The issue of SME banking disputes remains a critical issue for business. If we are to continue to rebuild trust between SMEs and the banks that serve them, we need solutions that not only deal with the legacy of the past but also are capable of facing the challenges of tomorrow.
What are SME banking disputes?
There have been a number of issues regarding SME banking, including high-profile cases where banks have accepted shortcoming and apologised in terms of their service to small and medium sized businesses. The CBI recognises the work undertaken by the FCA and UK Finance on this critical issue over the last two years.

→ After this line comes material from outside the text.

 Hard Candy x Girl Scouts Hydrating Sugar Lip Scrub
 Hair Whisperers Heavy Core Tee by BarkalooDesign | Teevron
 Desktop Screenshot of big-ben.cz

CBI members, including the CBI’s Sem Council, comprising of 50 leading SMEs from across the UK, broadly support the proposals put forward by the FCA, to ensure more small businesses can access vital support and advice when they need it most.
CBI members welcomed the extension of the FOS threshold announced by the FCA from the current ‘micro enterprise’ definition to ‘small firms’, which would move the threshold to under 50 employees or £6.5m in turnover, meaning over 200,000 additional SMEs will have access to the ombudsman service.

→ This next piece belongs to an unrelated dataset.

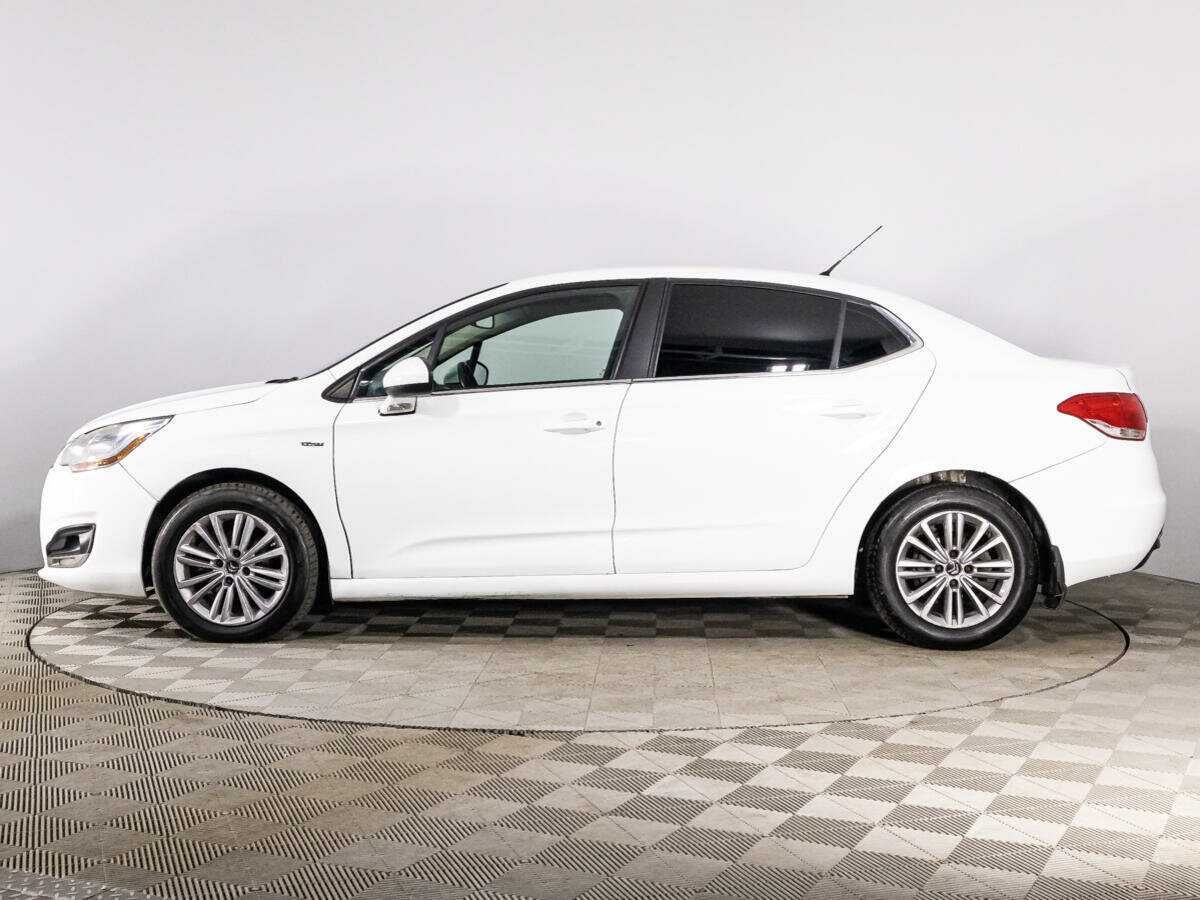 Citroen C4, 2013 Фото №8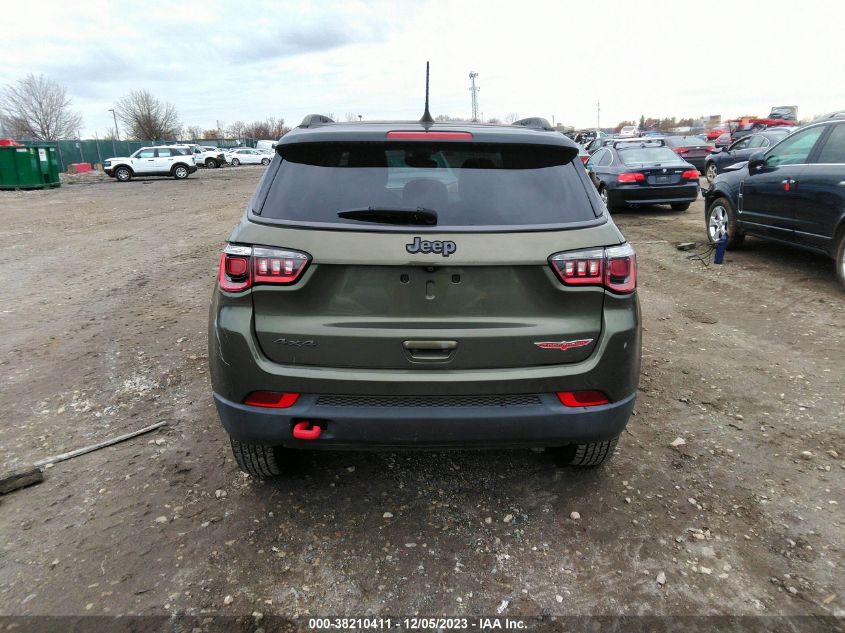 2018 JEEP COMPASS TRAILHAWK 4X4 - 3C4NJDDB2JT163064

Building on the independent Simon Walker Review on the small business complaints landscape, the is a member of the Independent Steering Group for the industry-driven voluntary redress scheme to work with all parties to make even further progress in the interests of members.
Why does this matter for business?
SMEs want to know what finance is out there, real options now and in the future, to know what they are getting and a grown-up relationship with their bank. Key to this whole agenda is trust, building relationships that equip SMEs to weather their growth journey.
A mechanism that can provide swift, fair and reasonable adjudications to deal with complex disputes will build on the welcome extension of the remit of the Financial Ombudsman Service. Whilst there remains much to be done, the banking industry’s response is building a platform for the future.
The Business Banking Resolution Service is being established in accordance with a voluntary commitment made by the banking and finance industry. The BBRS will be flexible in the way it resolves disputes, adopting approaches that are most appropriate for each case, and will be guided by the commitment “to do and be seen to do what is right, fair and reasonable at all times”. A live pilot will be launched in December 2019.